Early drafts included this controversial concept, now used by Canada’s Truth and Reconciliation Commission to describe residential schools policy. It was known as Article Three, and if it was not removed from the final draft, Canada was willing to abandon the entire Genocide Convention, records show.
“Following for Wilgress,” reads a telegram sent July 27, 1948 from the Secretary of State for External Affairs in Ottawa to the Canadian delegation at the Palais Des Nations in Geneva. L. Dana Wilgress was an ambassador to the U.S.S.R. right after the Second World War, later High Commissioner in London. At the time, William Lyon Mackenzie King was acting as his own foreign minister.
Released later under access to information, the message had been copied to the Justice Department, delivered in code, labelled “IMPORTANT,” and approved by R.G. “Gerry” Riddell, who would later be Canada’s permanent UN delegate.
“You should support or initiate any move for the deletion of Article three on ‘Cultural’ Genocide. If this move not successful, you should vote against Article three and if necessary, against the Convention. The Convention as a whole less Article three, is acceptable, although legislation will naturally be required to implement the Convention,” it reads.
“The matters dealt with by Article three are more properly relevant to the protection of minorities.”
Canada was joined in opposition to “cultural genocide” by the United States and most of Western Europe, lined up against the Soviet Bloc, which supported it.
All this was done in the immediate aftermath of the Holocaust, against which some people viewed cultural protections as secondary. There was also disagreement on protection for political groups, as communists and anti-communists alike were the target of state-level extermination strategies.
When it came to a vote that October, Canada’s view won out, and both political groups and “cultural genocide” were excluded. Genocide officially became the “intent to destroy, in whole or in part, a national, ethnical, racial or religious group,” not necessarily by killing, but also by measures that include serious mental harm and the forced transfer of children.
The term has been used in Canada in the residential schools context for several years, notably by Paul Martin, the former prime minister. But it was not until the past couple of weeks that it shot to national prominence, first when Chief Justice Beverley McLachlin used it in a speech, calling it the modern equivalent of “assimilation.” Then it became the main conclusion of the Truth and Reconciliation Commission, under chairman Murray Sinclair.

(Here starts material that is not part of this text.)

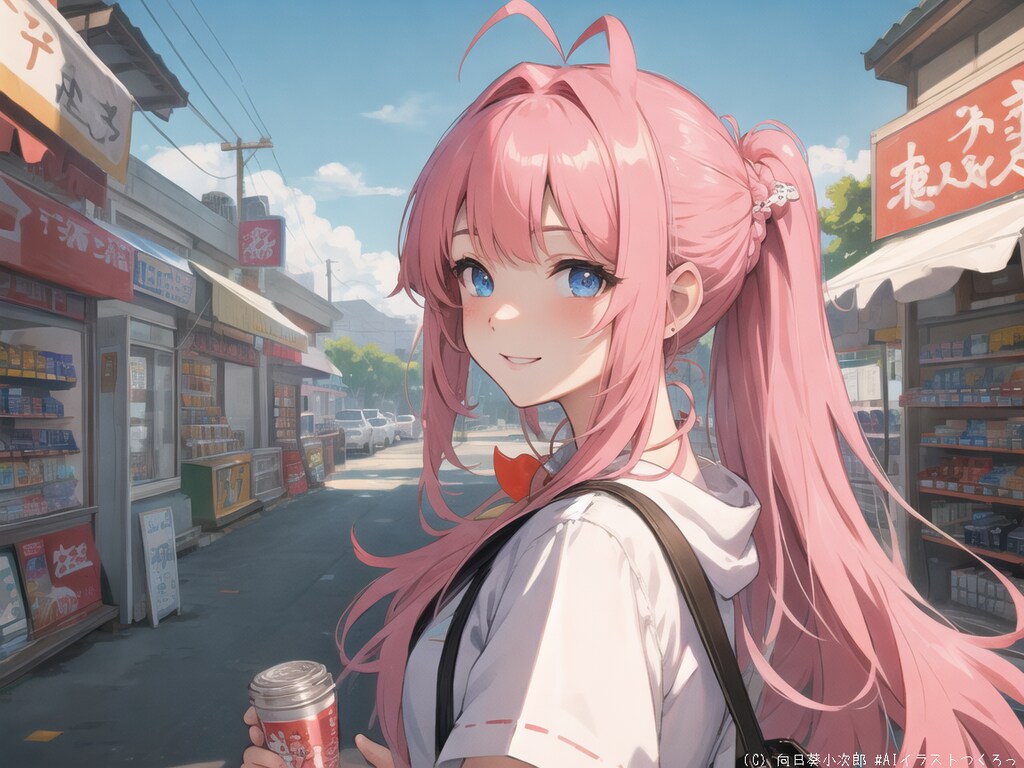 日常⭐️陽だまりの似合う時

It has been divisive, but enjoys growing, prominent support. Philippe Couillard, the Quebec Premier, for example, said on Friday that residential schools policy could “certainly” be described as cultural genocide.
No drafting change of Article III would make its substance acceptable to his delegation
Edward Sadowski, who has done extensive research and archival work for the Shingwauk Residential Schools Centre at Algoma University in Sault Ste. Marie, Ont., unearthed the diplomatic cable in an access to information request for Canada’s historical records of the genocide deliberations.

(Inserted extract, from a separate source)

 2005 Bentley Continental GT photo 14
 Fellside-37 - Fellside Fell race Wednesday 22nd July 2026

He provided these records to the Truth and Reconciliation Commission, and although some of his other work is cited, he was surprised the cable was not mentioned in the final report.
“I don’t understand why they did not use that cable and some of the other documents,” he said, as it would have been a “smoking gun.”
The records he obtained also include reference to Canada’s apparent motivation in a transcript of a meeting in Geneva. In the transcript, an Egyptian diplomat summarizes Canada’s position, as articulated earlier by a Canadian delegate named Lapointe, who said Canada fundamentally disagreed with the idea of cultural genocide.
“No drafting change of Article III would make its substance acceptable to his delegation,” the Egyptian said of the Canadian. He acknowledged Canadians were “horrified” at the very idea of cultural genocide, but they were also “deeply attached to their cultural heritage, which was made up mainly of a combination of Anglo-Saxon and French elements, and they would strongly oppose any attempt to undermine the influence of those two cultures in Canada, as they would oppose any similar attempt in any other part of the world.”
The Canadian delegation “was not, therefore, opposed to the idea of cultural genocide, but only to the inclusion in the convention of measures to suppress it,” he said.